__WORK TASK__
Find the line that holds "お祝いの新しいホールに輝くオーナメント 新しい家 シーズンカード (スタンド正面)", then repeat it and each line below it word for word through the end of the listing, leaving out pictures.

__STUDY MATERIAL__
=-=-=

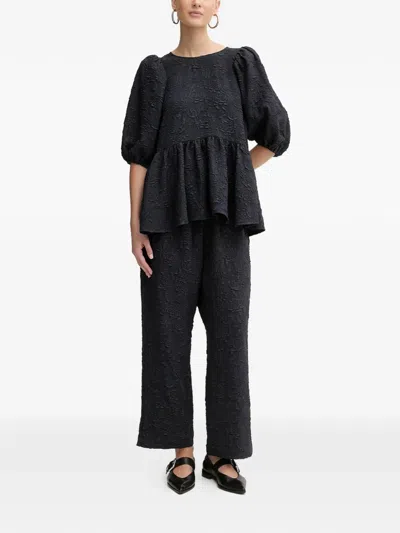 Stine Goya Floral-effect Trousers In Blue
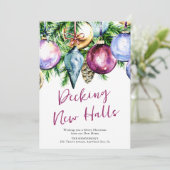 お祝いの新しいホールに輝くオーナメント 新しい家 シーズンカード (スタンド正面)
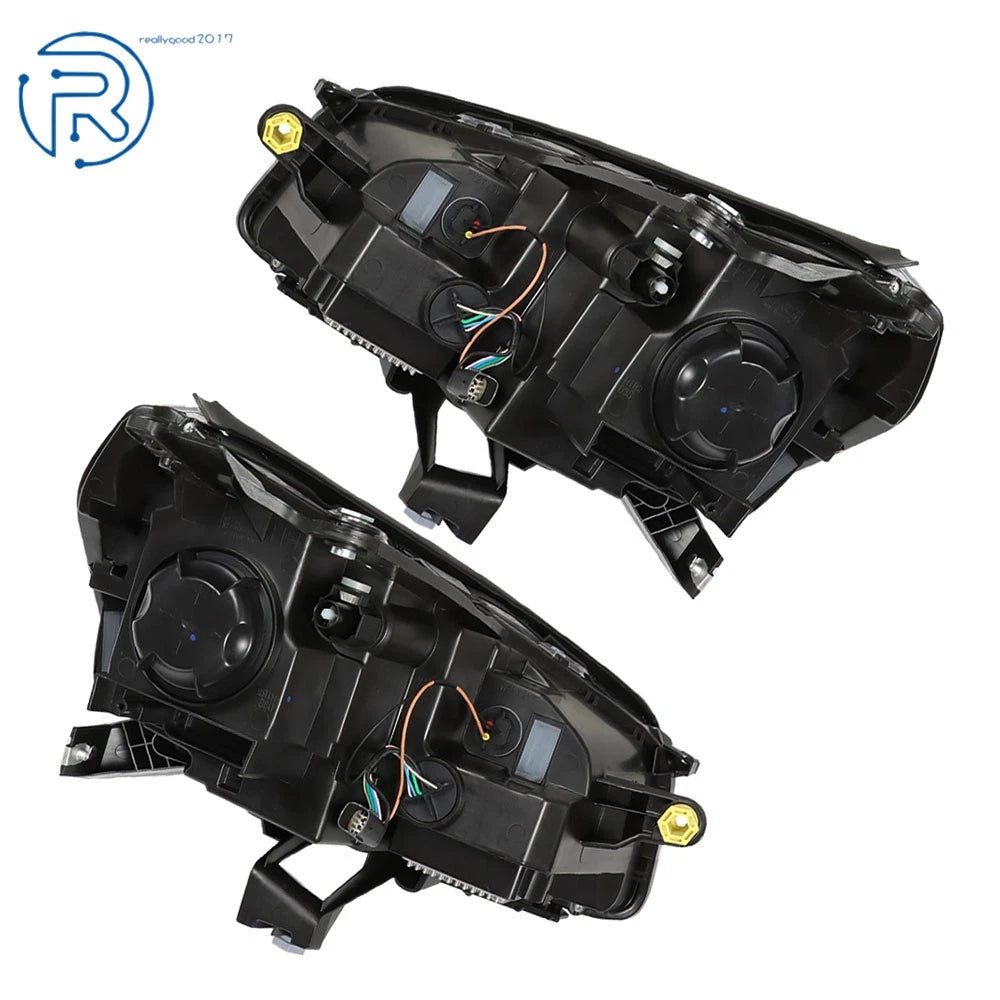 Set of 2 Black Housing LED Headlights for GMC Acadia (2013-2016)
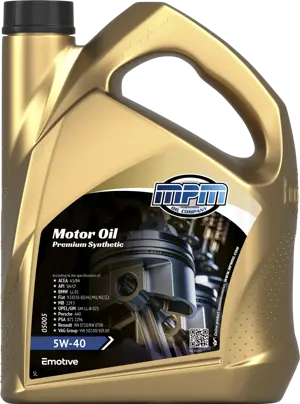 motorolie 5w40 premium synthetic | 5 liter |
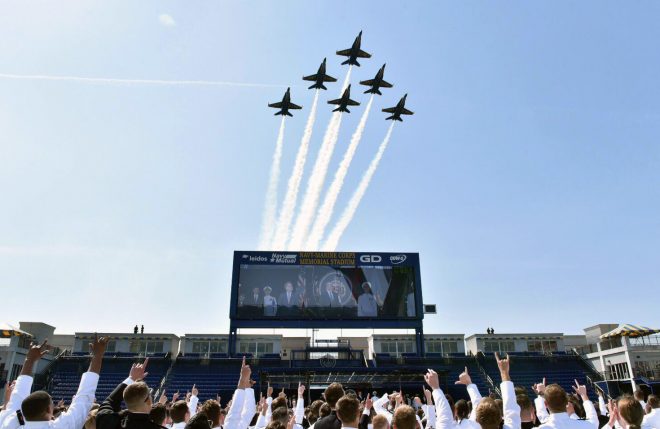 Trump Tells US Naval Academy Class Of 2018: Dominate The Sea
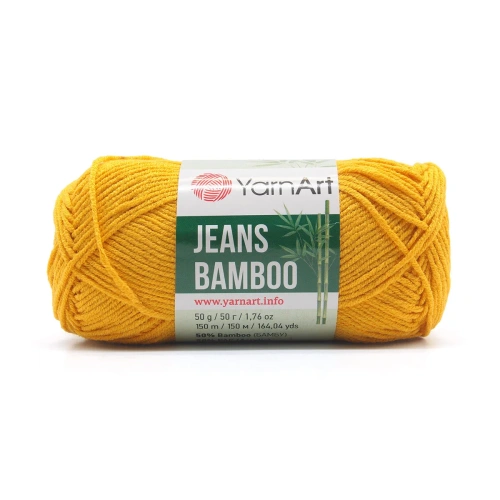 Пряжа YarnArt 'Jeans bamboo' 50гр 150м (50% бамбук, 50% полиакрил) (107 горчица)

=-=-=

__ANSWER BELOW__
 お祝いの新しいホールに輝くオーナメント 新しい家 シーズンカード (スタンド正面)
 Set of 2 Black Housing LED Headlights for GMC Acadia (2013-2016)
 motorolie 5w40 premium synthetic | 5 liter |
 Trump Tells US Naval Academy Class Of 2018: Dominate The Sea
 Пряжа YarnArt 'Jeans bamboo' 50гр 150м (50% бамбук, 50% полиакрил) (107 горчица)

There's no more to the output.